Missive to Council

Season of the Hot Sun Second Quarter Second Day of Charm

Despite our greatest efforts in expanding the numbers of mages throughout the kingdoms, It is growing clearer to me as I travel from tower to tower: the demand if not need for our skills continue to grow as the Ninth Conjunction of the Three Realms approaches. While the early stages, certainly, are still likely over a decade away, I am finding more and more of our fellows have found themselves what could well be described as a state of siege.

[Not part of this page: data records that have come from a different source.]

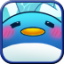 icon android Penguin Life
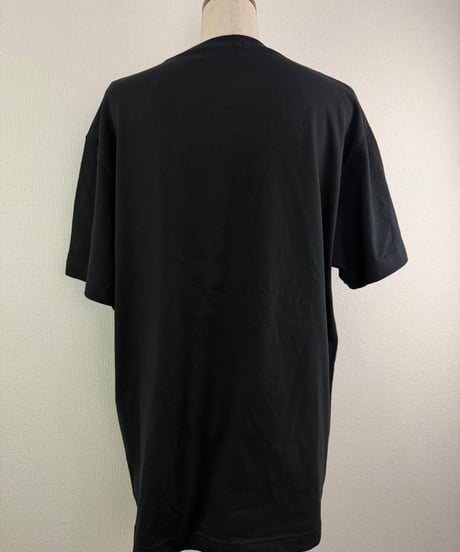 TURN UP! BIG TEE(AF21815-09)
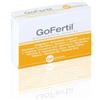 Gp Pharma Gofertil Integratore Alimentare, 30 Compresse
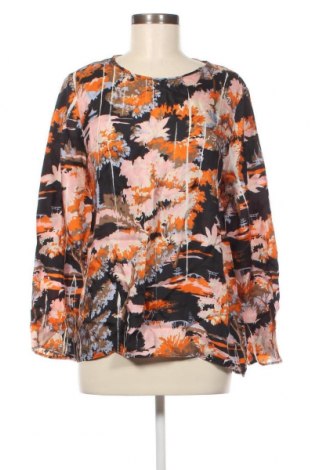 Γυναικεία μπλούζα Jucca, Μέγεθος XL, Χρώμα Πολύχρωμο, Τιμή 17,43 €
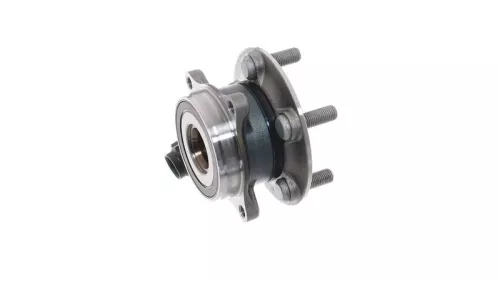 SKF Wheel Bearing Kit (VKBA7576)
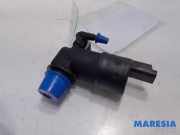 Waschwasserdüse für Scheibenreinigung Citroen C3 III SX 316568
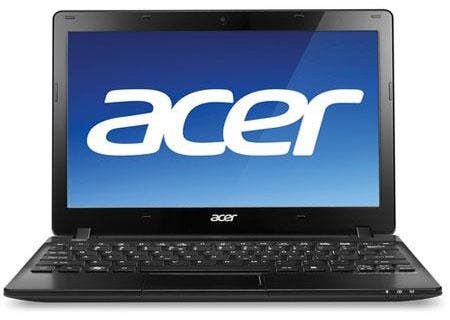 Acer Aspire One AO725-0635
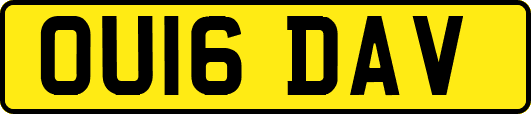 OU16DAV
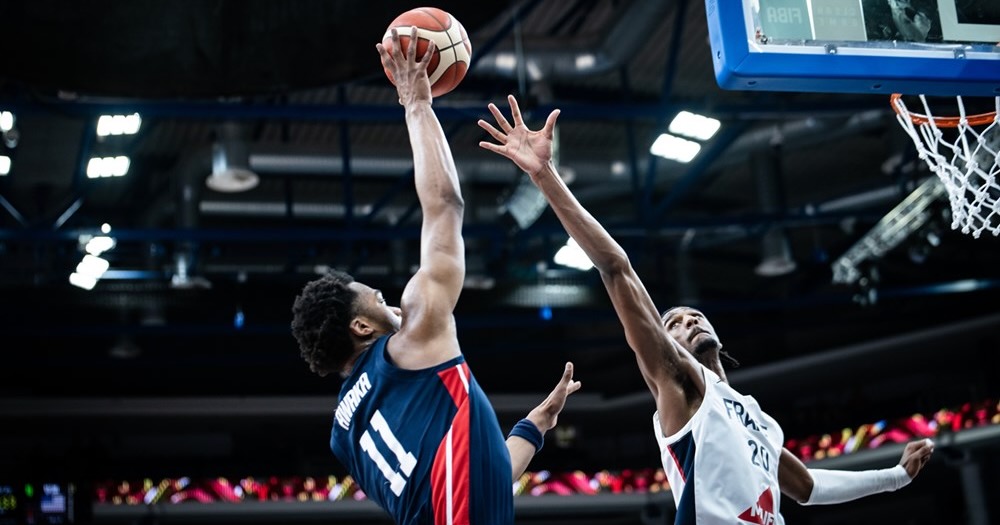 Watch: Tobe Awaka’s Team USA highlights in FIBA U-19 World Cup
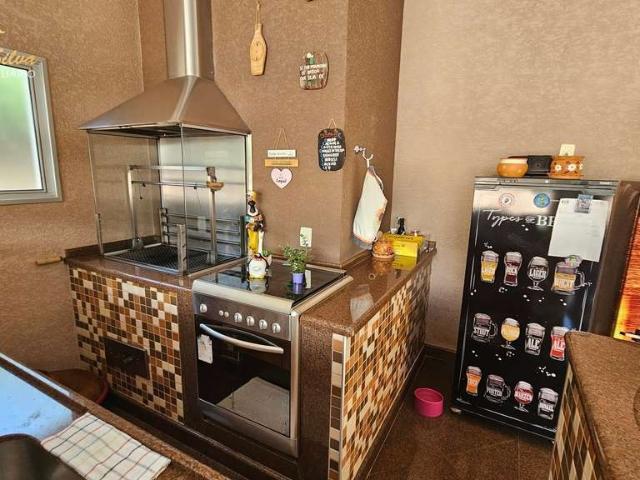 Casa / Sobrado em Condomínio para Venda em Bragança Paulista/SP Condominio Residencial Vereda América 4 Quartos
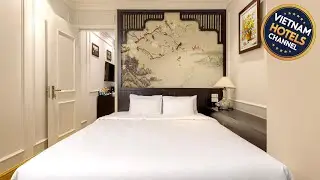 San Ha Noi Hotel | Hanoi, Vietnam | Hotel Review 🏩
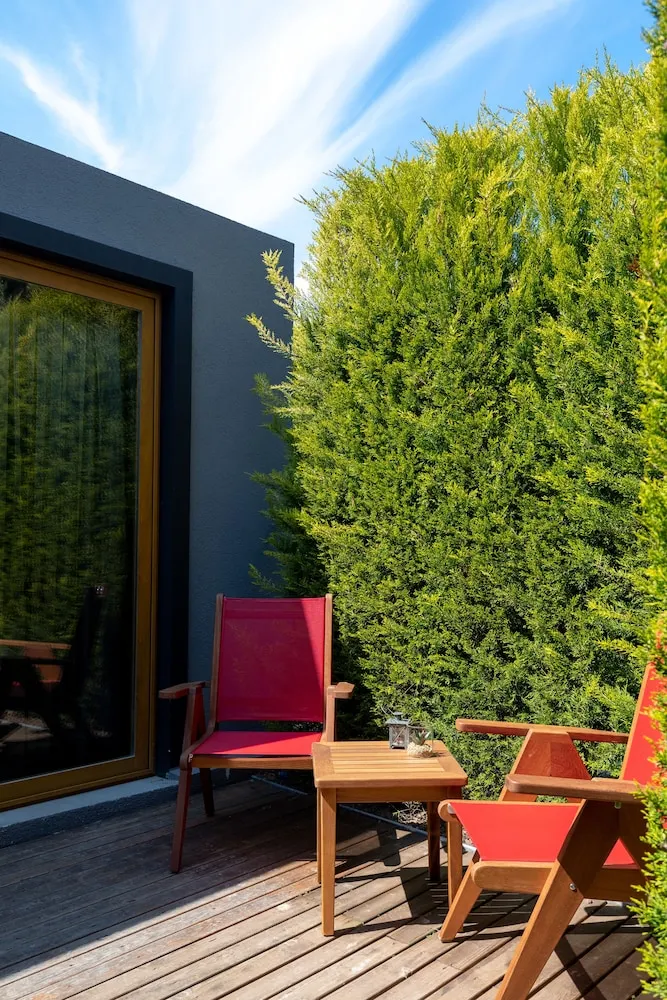 Teras/veranda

The situation is also grave for those lords of the marches, the hard fought for front lines of the Riven War, where the many old but powerful permanencies are only controlled through either complicated warding magicks or Arcory’s stones, all have demonstrated at least some degree arcane erosion. As this threat grows, so grows the cost of this to our fellow collegiates who must work hard to maintain the balance we have long committed ourselves to. The state of the stones of March Bardelaisch appear to require most urgent attention.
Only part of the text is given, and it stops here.